Demo Upgrade Plan: Real Semantic Search with Transformers.js

Current State

20 synthetic docs about altor-vec itself, 64-dim term-frequency vectors
8.6 KB demo-index.bin in public/
5 pre-computed query vectors — users can only click chips or type text that keyword-matches to a pre-computed vector
No real semantic understanding — findClosestQuery() does keyword overlap to pick the closest pre-computed vector

Target State

10,000 real MS MARCO passages with 384-dim embeddings
Live query embedding via Transformers.js (Xenova/all-MiniLM-L6-v2) in a Web Worker
Users type ANY query and get relevant semantic search results in <1ms (search) + ~150ms (embedding)

Key Research Findings

1. GitHub Pages can serve the large files

GitHub Pages repo limit: 1GB, individual file soft limit: 100MB
Our files: index.bin (17MB) + metadata.json (3.5MB) = 20.5MB total → well within limits
GitHub Pages serves with proper Content-Type and supports gzip/brotli compression
The deploy workflow (actions/upload-pages-artifact + actions/deploy-pages) handles arbitrary files in dist/

2. Transformers.js approach: CDN dynamic import (recommended)

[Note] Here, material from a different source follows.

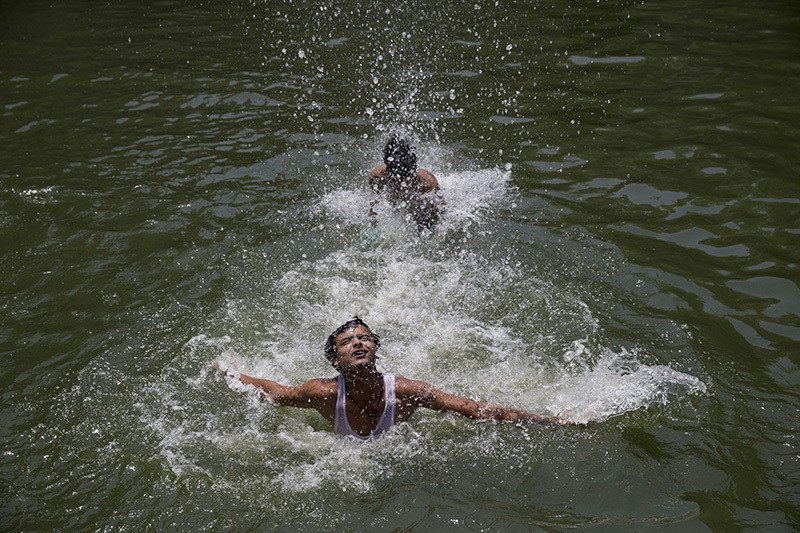 Indian boys swim at Hazrat Nizamuddin Baoli, a stepwell, on a hot day in New Delhi, India, Thursday, May 19, 2016. (AP Photo)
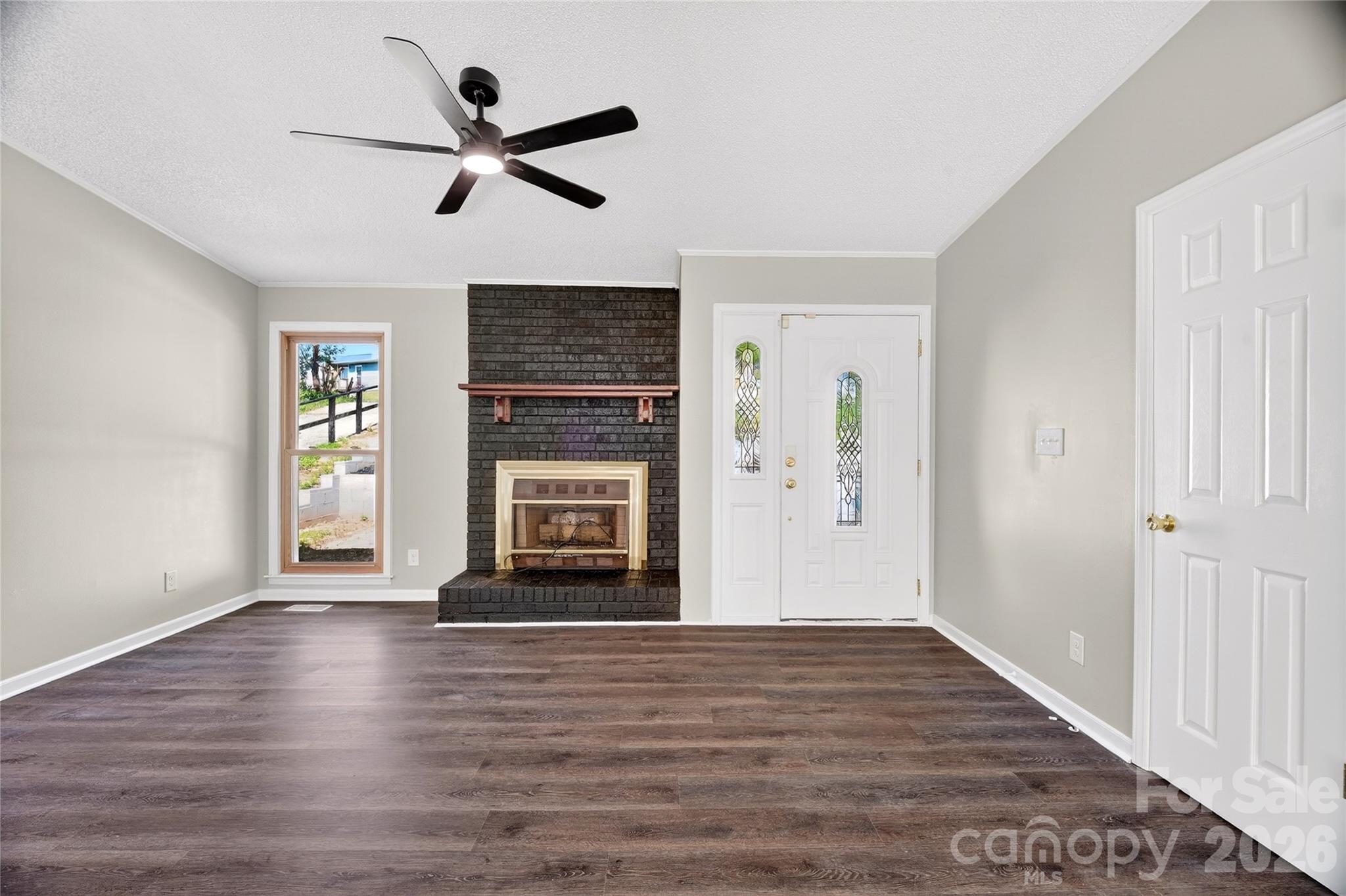 1919 Oak Hollow Road Gastonia, NC 28054 - Photo 3 of 36 a view of empty room with wooden floor and a window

Option A: npm install — adds ~5MB to node_modules, but the ONNX model (~23MB) still downloads at runtime from HuggingFace CDN. Increases bundle size slightly.

Option B: CDN dynamic import (recommended) — import { pipeline } from 'https://cdn.jsdelivr.net/npm/@huggingface/transformers'. Zero bundle impact. Model downloads from HuggingFace CDN on first use and is cached by the browser.

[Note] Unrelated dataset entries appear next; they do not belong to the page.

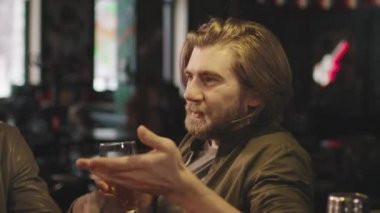Kafkas sakallı genç bir adam barda oturmuş arkadaşlarıyla konuşuyor ve geceleri bira içiyor.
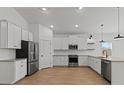 Modern kitchen features white cabinets, stainless steel appliances, and wood-look flooring at 23417 W Burton Ave, Buckeye, AZ 85326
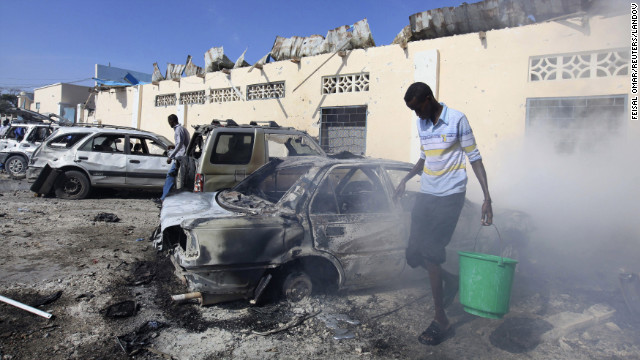 A man carries a bucket of water at the scene of an explosion in Mogadishu, Somalia, on Saturday, February 16.
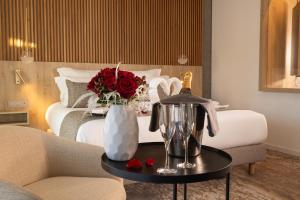 a bedroom with a bed with a vase of flowers on a table at Hôtel Spa Restaurant Villa Castellane by Germain Collection in Gréoux-les-Bains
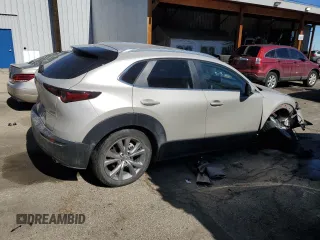 2023 Mazda CX-30 S Select with VIN 3MVDMBBM8PM571503, listed as a Copart auction lot 46948105 with 12,260 mi miles and Salvage Title. Bid and sale history available at DreamBid. Image 3.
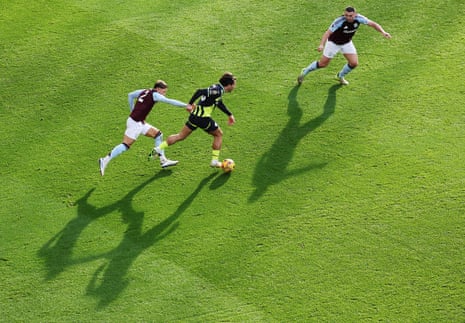 Jack Grealish of Manchester City runs with the ball while under pressure from Matty Cash and John McGinn during their match at Villa Park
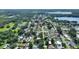 A lush aerial view of the property surrounded by trees in a residential neighborhood, nearby lake in the distance at 118 Browning Cir, Winter Haven, FL 33884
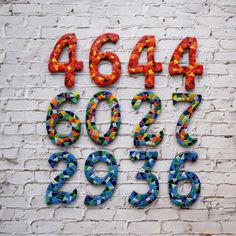 the letters and numbers are made out of mosaic tiles on a white brick wall,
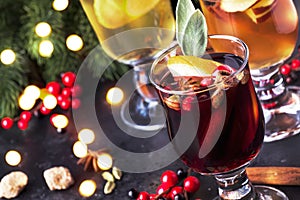 Mulled wine and mulled cider. Hot winter drinks and cocktails for christmas or new year`s eve in glass mugs with spices and citru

Decision: Use npm install (@huggingface/transformers) for TypeScript types and build-time safety, but the ONNX model still loads from HuggingFace CDN at runtime (~23MB model_quantized.onnx). This is how Transformers.js is designed to work.

3. ONNX model download UX

The quantized model (model_quantized.onnx) is 23MB. On first visit:

Fast connection (50 Mbps): ~4 seconds
Moderate (10 Mbps): ~18 seconds
Slow (2 Mbps): ~90 seconds

The model is cached by the browser after first download (HuggingFace sets proper cache headers). Subsequent visits: instant.

UX strategy:

Show a multi-phase progress indicator: "Loading WASM engine..." → "Downloading embedding model (23MB)..." → "Ready"
Keep the suggested query chips functional immediately (with pre-computed vectors) so users can try the demo while the model loads
Once model is ready, switch to live embedding for all queries
Show "Embedding your query..." briefly when user types custom query

4. Keep suggested query chips — YES

They provide instant gratification while the model downloads
They guide users who don't know what to search for
With real MS MARCO data, we need good example queries. Suggested chips:
1. "what is a bank transit number" (finance)
2. "how does photosynthesis work" (science)
3. "what causes earthquakes" (geology)
4. "define machine learning" (tech)
5. "who invented the telephone" (history)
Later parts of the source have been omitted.